Visually
we collect endless shapes and patterns, images and forms, that we generate,
recognise and then collage in our mind-scape. We like to order, structure
and compartmentalise our memories; we use them to navigate ourselves through
our physical and cognitive world. These are triggers for actions and direction
either trivial or important that define us in the world.
Occupied Order brings together 4 artists in an expressional journey through
our environment whether domestic, urban/rural or political. Victoria Browne’s
beautifully crafted polymergravure prints, the result of a three year
project researching CERN are a stunning example of this as is Kate Barnsby's
installation exploring language in a simulated world.

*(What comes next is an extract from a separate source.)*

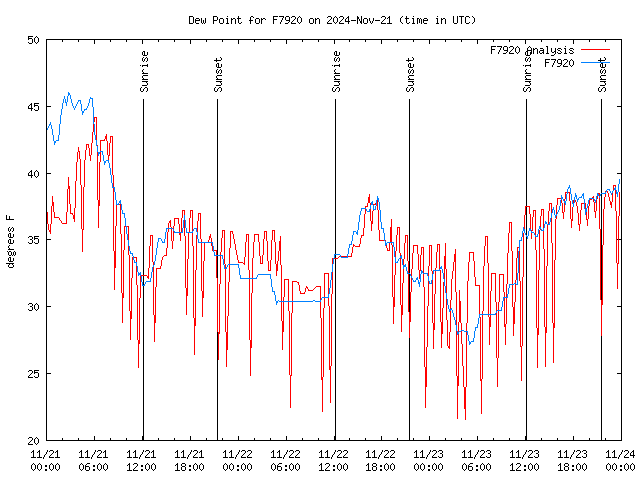 Latest daily graph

James Ryan intelligently paints layers of geometric patterns on fabric
which have emerged from the man-made environment and structure. Perhaps
these abstract planes are thoughts that reflect on the city surface, or
an emotional positioning that we find, or self remembering – ontological
and phenomenological. Then Simon Haddock’s bombastic explosions
of colour and form take us on an exciting journey through landscape. We
are shown the energy of an all-encompassing existence. This is not mapping
or landscape art, in Occupied Order we are shown layers of time and life
within the nature of being.
Kate Barsby has been specially commissioned to create
a piece for the window space in the gallery, she is currently studying
for her Masters Degree in Fine Art at Central St. Martins. Her practice
explores the language and idioms of production and consumption within
an increasingly simulated environment. Kate positions her practice at
the ‘interface’ between the concrete and abstract, between
technology and humanity, utilising materials as diverse as CGI animation,
live trees, spangles and "cliches" to explore this complex and
collaborative exchange.
Victoria Browne’s work acts as a diversion from
the increasingly rapid and speculative media response to current socio-political
events. This re-writing relies on a qualitative research methodology,
spending time in the milieu of a place to build up a map of experience
in which perception of the routine or mundane become unfamiliar and new.

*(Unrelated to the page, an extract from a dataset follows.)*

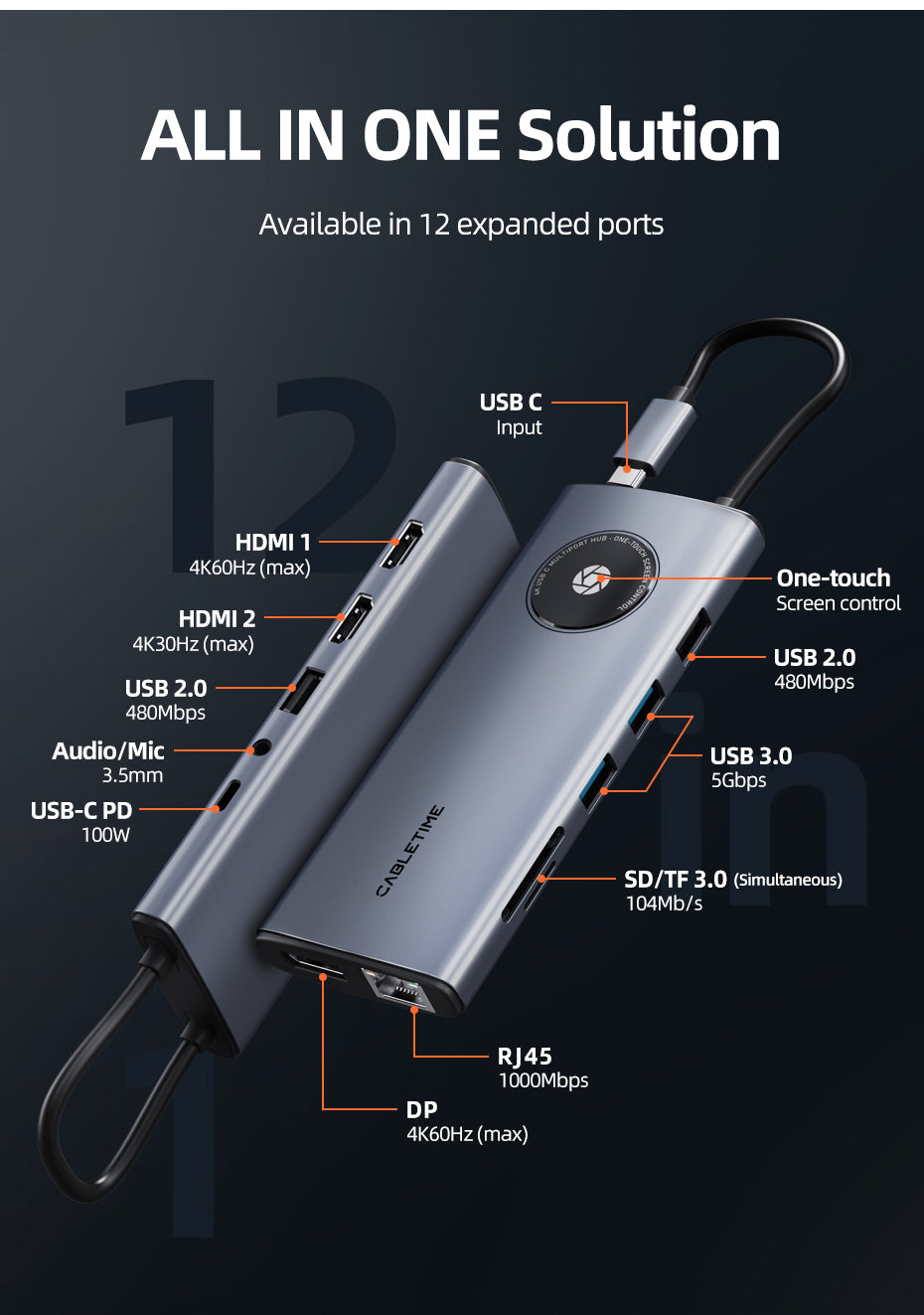 CABLETIME 12-in-1 USB C Hub with 2 HDMI 1 Display Port for Laptop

In reference to Theses on the Philosophy of History (1942), Walter Benjamin
conjectures that the present and its experience are temporarily ‘frozen’
in historical or actual material and phenomena. These ‘splinters
of reality’ are the collated visual material that becomes created
anew during the course of interpretation.
James Ryan creates
intricate geometric paintings through the overlaying of transparent planes
of colour. Within the paintings there is a somewhat traceable account
of actions. A readable overlapping of layers that generate unforeseen
nuances of colour and a three dimensional space that opens up with a distorted
perspective and logic. Recent work has seen the introduction of checked
fabrics, which act as a ready-made grid, yet undermine the work’s
fine art credentials with hints of the domestic.
Simon Haddock works in painting and in three dimensions,
operating somewhere between modernist stridency and dilapidated romantic
fervour. Haddock is interested in the rational modularity of the modern,
as it aims to facilitate and simplify, yet he is driven to obscure the
association between form and intent.